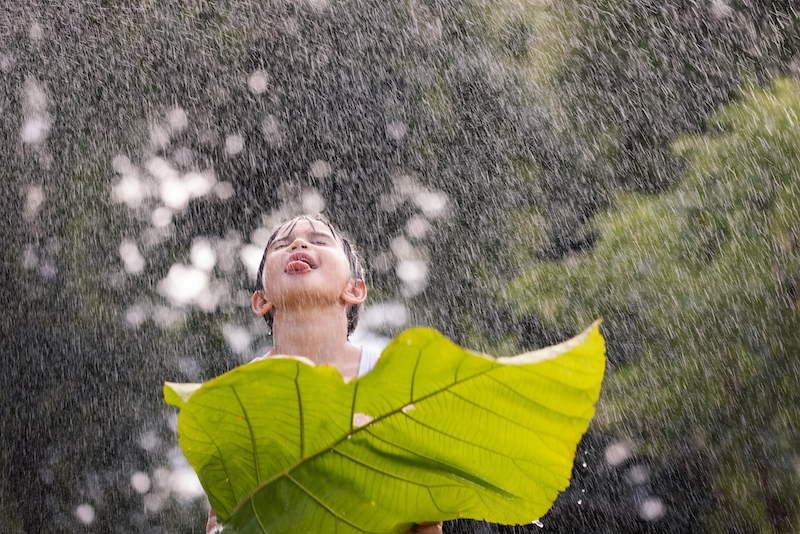 boy licking rain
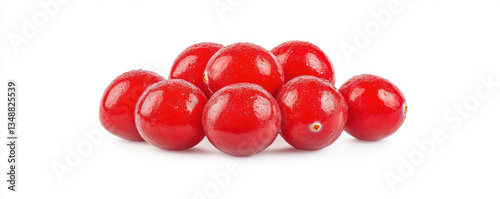 Red cranberries grouped together on a clean white background representing healthy antioxidant fruit in high-resolution closeup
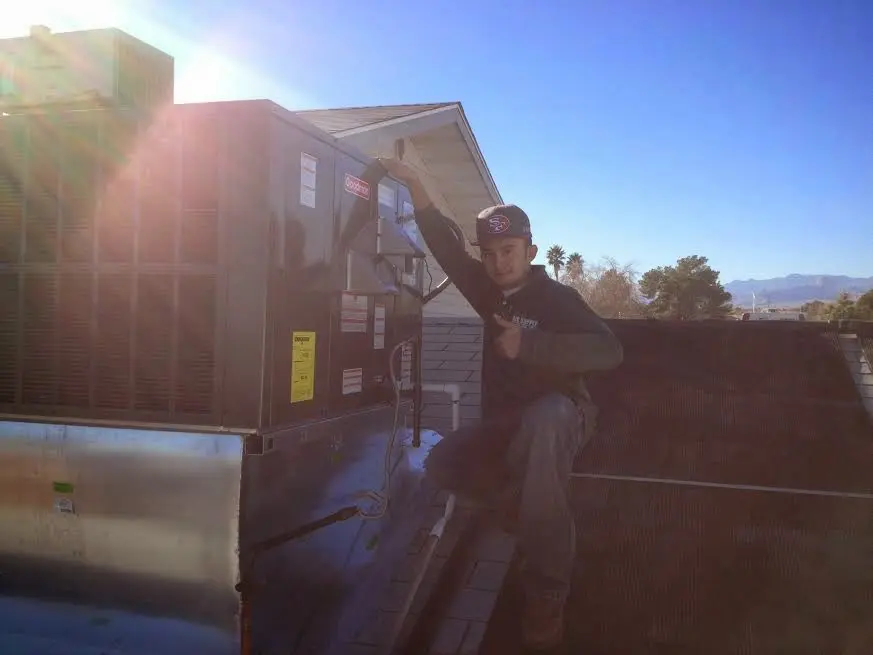 HVAC technician performing Boiler Repair on a rooftop unit in Verona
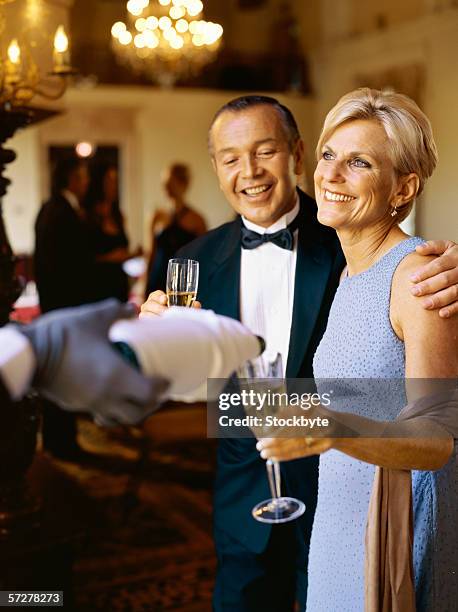 side view of a mature couple smiling and holding champagne flutes - abendkleid stock-fotos und bilder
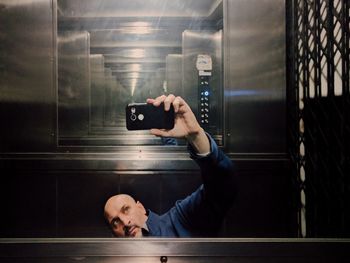 Man taking selfie of reflection in elevator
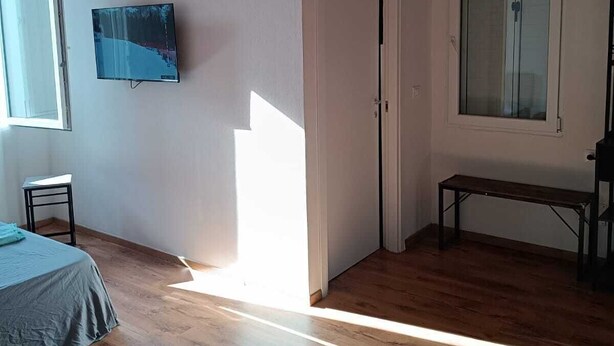 Ein Zimmer mit Holzboden, einem Bett, einem an der Wand befestigten Fernseher, einer Sitzbank und einer Tür.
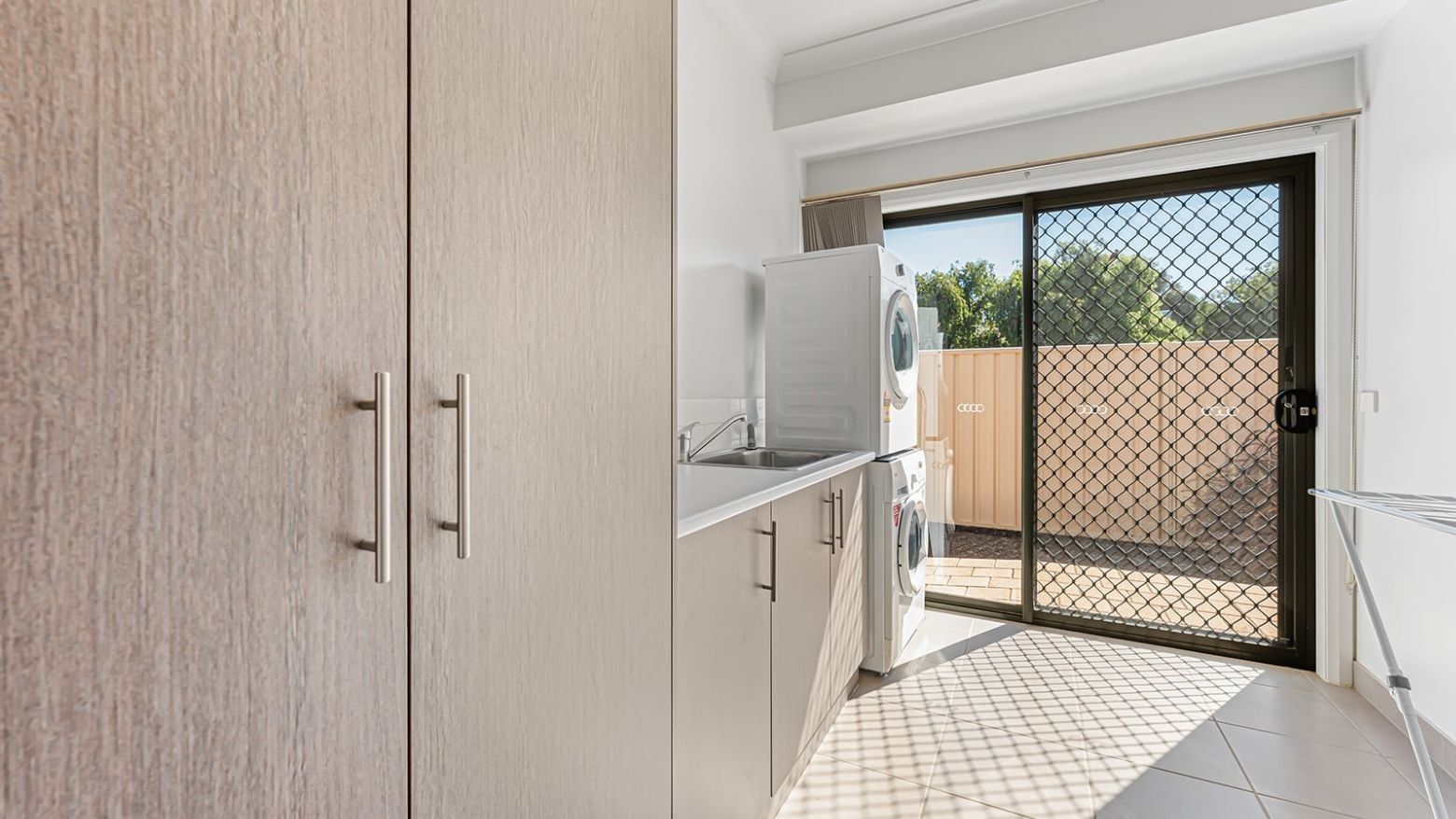 Clean laundry room with washing machine, cabinets, and sliding glass door at La Trobe University Regional Housing – Mildura.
+--
- **DESCRIPTION OF THE TASK**
Everything in the entries above must be output again exactly, except the pictures.

- **EXERCISE SOLUTION**
 boy licking rain
 Red cranberries grouped together on a clean white background representing healthy antioxidant fruit in high-resolution closeup
 HVAC technician performing Boiler Repair on a rooftop unit in Verona
 side view of a mature couple smiling and holding champagne flutes - abendkleid stock-fotos und bilder
 Man taking selfie of reflection in elevator
 Ein Zimmer mit Holzboden, einem Bett, einem an der Wand befestigten Fernseher, einer Sitzbank und einer Tür.
 Clean laundry room with washing machine, cabinets, and sliding glass door at La Trobe University Regional Housing – Mildura.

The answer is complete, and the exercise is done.